But, it’s all good, he said, because he has a spanking-new, expanded retail shop and chocolate factory.
The new Black Mountain Chocolate, designed by local company Stitch, opens up onto the interior courtyard, or old coal pit of the Bailey Power Plant for R.J. Reynolds Tobacco Co., and so one wall is essentially all windows.
The nearly 5,000-square-foot space is shaped as a long thin rectangle that takes customers first past display windows that lets them view the chocolate making, then by shelves full of packaged bars and drinking chocolate, a counter with cookies and more treats and a demonstration counter and bar area. The end of the shop is a cozy lounge area with sofa, chairs and cushioned booths.
“We love the new space. It’s a lot more inviting,” Peters said. He added that the main reason for the move was to provide more room for customers to hang out.
Black Mountain’s core menu from the old space has made the move, so customers can enjoy not only their favorite chocolate bars, but also cookies, brownies and other items.
It still offers the same full line of espresso drinks — but now it has a bigger machine for that.
Black Mountain’s chocolate bars ($6 for 2.25 ounces) include such varieties as goat’s milk, sea salt, espresso, cocoa nibs and signature dark — all clock in at 70% chocolate except the goat’s milk bar, which has 53% chocolate. (The latter is still categorized as dark chocolate, but just barely.)
Black Mountain’s cookies ($2.50) include chocolate chunk, peanut butter and cherry vanilla oatmeal.
It sells a brown-butter pecan blondie and cocoa-nibs brownie ($3.50 each). It also has such mini tarts as salted caramel and s’mores ($4.50 each), plus truffles ($1.95 each or $7.95 for four) in such flavors as Moravian spiced caramel, signature dark and salted caramel.
Eclairs will be back on the menu, too, Peters said. “We’re going to start offering those Saturday and Sunday.”
Kitchen manager Elise Pollard, who has been with Black Mountain for four years, said that customers can soon expect to see chocolate tortes, cheesecakes, mousse cups and more in the display case. “We also are going to get into some yeast doughs, sweet and savory, so things like cinnamon buns and ham and cheese rolls,” she said.

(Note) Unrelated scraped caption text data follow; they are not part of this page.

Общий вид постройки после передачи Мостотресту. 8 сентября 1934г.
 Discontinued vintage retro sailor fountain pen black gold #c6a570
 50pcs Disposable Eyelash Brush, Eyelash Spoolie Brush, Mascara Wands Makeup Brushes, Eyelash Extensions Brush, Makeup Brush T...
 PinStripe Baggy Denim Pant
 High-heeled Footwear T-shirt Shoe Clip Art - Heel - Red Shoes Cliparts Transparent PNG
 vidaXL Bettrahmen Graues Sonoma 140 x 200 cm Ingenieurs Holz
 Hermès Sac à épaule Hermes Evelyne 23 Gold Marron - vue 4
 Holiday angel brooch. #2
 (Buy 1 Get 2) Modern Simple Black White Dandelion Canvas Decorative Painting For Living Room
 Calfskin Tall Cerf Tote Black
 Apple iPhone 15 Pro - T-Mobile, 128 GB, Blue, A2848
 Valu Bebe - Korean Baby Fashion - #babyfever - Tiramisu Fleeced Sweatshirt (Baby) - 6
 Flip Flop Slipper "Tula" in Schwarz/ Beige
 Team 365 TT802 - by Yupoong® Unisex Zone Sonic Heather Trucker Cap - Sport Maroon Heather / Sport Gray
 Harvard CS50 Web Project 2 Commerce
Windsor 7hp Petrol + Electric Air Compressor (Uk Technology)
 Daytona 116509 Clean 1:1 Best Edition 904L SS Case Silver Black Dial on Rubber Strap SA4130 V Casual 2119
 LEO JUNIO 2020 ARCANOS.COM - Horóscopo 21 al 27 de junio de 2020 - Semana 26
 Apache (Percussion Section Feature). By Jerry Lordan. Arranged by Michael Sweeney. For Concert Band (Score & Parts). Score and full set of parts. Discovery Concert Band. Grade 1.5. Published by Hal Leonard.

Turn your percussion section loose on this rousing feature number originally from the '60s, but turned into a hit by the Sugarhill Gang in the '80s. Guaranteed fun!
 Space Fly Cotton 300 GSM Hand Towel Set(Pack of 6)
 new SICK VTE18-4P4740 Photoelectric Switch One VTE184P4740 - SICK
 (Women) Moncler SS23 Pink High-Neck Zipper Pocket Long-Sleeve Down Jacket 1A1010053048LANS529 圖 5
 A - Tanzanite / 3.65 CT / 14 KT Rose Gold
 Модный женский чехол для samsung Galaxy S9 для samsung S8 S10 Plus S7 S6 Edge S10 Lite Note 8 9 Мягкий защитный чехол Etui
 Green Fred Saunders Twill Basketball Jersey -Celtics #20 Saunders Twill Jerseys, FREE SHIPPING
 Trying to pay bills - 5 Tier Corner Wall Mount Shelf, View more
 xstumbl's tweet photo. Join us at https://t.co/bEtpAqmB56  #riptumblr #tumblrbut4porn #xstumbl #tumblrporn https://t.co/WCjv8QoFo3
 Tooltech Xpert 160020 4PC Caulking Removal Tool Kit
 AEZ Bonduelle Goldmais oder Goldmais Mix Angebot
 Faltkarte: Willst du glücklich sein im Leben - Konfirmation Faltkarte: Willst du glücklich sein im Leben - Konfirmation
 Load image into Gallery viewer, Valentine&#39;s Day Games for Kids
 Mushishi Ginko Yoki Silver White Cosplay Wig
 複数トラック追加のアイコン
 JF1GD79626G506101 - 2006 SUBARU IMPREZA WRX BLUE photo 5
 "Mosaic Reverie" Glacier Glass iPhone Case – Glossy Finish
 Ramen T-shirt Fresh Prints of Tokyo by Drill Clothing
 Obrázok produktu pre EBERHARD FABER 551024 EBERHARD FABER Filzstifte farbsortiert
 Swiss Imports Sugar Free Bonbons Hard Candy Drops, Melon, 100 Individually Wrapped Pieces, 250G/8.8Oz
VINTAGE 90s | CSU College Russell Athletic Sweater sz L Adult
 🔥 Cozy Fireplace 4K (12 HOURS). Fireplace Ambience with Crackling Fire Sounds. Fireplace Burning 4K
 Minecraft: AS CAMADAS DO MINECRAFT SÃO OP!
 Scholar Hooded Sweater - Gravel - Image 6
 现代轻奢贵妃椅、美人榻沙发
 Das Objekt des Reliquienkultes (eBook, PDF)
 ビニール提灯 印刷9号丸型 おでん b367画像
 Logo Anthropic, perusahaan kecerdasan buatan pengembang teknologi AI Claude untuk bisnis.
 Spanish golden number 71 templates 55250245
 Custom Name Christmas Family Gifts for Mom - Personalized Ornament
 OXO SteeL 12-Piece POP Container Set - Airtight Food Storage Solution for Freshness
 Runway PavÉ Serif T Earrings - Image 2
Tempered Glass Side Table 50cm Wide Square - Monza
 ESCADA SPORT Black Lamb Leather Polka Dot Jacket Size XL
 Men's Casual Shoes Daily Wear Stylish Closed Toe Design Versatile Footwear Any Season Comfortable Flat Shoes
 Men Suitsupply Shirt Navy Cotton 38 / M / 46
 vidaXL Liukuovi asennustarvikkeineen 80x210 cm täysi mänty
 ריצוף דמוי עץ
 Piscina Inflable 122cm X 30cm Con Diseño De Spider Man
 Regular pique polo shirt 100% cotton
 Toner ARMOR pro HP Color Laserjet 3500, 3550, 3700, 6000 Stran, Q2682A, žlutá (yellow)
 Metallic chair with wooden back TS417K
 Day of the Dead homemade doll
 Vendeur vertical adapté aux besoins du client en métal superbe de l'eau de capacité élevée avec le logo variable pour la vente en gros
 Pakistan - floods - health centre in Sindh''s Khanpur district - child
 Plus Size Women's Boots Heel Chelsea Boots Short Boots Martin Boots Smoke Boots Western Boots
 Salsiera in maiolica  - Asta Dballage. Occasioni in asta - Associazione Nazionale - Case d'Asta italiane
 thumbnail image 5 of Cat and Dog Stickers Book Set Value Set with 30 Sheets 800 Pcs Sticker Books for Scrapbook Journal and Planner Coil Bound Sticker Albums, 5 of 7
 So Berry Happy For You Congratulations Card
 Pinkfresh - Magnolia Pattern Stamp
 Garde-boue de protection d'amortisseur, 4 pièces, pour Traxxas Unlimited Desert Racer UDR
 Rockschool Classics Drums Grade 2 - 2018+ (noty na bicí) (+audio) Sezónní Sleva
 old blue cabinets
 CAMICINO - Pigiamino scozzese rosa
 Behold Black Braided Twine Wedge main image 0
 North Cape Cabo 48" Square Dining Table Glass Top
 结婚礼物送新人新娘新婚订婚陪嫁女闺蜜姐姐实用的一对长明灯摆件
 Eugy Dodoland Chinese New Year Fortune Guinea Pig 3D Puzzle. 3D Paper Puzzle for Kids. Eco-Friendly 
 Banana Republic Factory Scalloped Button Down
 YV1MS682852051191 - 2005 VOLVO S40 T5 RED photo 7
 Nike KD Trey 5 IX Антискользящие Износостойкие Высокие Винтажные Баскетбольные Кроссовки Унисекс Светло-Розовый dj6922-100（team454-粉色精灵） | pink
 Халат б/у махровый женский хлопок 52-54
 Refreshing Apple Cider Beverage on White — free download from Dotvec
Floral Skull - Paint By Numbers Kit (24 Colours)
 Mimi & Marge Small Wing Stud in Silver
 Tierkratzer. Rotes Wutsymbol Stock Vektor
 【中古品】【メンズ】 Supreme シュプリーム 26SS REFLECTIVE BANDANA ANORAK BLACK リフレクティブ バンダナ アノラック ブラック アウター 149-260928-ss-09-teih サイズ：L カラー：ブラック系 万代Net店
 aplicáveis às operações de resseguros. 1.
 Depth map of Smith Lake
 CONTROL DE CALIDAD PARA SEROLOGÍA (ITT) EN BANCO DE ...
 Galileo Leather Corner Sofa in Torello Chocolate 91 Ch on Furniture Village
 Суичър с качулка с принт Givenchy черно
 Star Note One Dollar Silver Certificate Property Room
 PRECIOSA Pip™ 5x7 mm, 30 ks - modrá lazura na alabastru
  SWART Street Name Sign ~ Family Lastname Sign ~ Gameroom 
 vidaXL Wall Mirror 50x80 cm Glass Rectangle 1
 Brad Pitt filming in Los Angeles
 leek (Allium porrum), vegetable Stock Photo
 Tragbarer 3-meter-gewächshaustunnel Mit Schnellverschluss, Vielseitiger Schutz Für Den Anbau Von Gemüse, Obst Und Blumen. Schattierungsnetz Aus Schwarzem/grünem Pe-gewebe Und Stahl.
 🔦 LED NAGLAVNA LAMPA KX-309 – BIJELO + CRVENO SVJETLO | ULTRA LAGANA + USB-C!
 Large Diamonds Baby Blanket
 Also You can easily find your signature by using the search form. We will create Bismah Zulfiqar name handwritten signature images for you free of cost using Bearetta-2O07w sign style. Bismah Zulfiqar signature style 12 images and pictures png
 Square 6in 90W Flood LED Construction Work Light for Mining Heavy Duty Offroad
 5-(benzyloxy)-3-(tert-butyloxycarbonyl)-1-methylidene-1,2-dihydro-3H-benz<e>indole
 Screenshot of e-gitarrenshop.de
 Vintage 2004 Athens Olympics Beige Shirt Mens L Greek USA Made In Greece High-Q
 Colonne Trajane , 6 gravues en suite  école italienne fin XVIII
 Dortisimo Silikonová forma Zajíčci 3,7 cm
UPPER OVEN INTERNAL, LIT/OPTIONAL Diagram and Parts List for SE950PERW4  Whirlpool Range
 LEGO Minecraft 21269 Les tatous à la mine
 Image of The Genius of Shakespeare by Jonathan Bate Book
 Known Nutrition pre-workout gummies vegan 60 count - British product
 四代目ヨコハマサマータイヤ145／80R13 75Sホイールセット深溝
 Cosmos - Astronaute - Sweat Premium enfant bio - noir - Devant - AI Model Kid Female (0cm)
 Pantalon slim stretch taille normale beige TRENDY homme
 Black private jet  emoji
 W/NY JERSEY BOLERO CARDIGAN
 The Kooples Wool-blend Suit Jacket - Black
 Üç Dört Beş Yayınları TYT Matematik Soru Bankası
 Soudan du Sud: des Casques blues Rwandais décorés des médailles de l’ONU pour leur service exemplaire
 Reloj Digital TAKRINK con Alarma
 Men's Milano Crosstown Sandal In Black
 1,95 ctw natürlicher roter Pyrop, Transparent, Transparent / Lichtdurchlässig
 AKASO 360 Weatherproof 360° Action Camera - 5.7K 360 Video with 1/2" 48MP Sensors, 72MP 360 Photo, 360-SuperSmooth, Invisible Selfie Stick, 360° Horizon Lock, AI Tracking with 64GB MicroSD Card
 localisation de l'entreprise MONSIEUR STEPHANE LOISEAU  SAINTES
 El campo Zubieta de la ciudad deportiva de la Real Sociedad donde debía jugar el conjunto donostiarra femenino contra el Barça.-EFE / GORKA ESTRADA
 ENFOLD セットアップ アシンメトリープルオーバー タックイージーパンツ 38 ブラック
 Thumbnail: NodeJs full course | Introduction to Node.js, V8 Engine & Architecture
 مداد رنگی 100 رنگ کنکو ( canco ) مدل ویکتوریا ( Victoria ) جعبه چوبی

General manager Tirra Cowan pointed out that the new space’s demonstration counter eventually will be used for workshops, pairings and other events.
A key part of the new space is the bar in the back. Black Mountain is currently applying for ABC permits to offer beer, wine and craft cocktails. “We’re not going to be a full-service bar, but we will have a short list of about 10 rotating cocktails that we develop in-house that can be paired with our desserts,” Peters said. “We’ll be using cocoa nibs to make chocolate-infused vodka, and we’ll have chocolate martinis and things like that.”
Peters said he hopes to add staff and increase hours so that Black Mountain can start opening at 7 a.m. by Valentine’s Day. “Then we’ll add breakfast pastries, a Danish or croissant and maybe a quiche. We’re still experimenting.”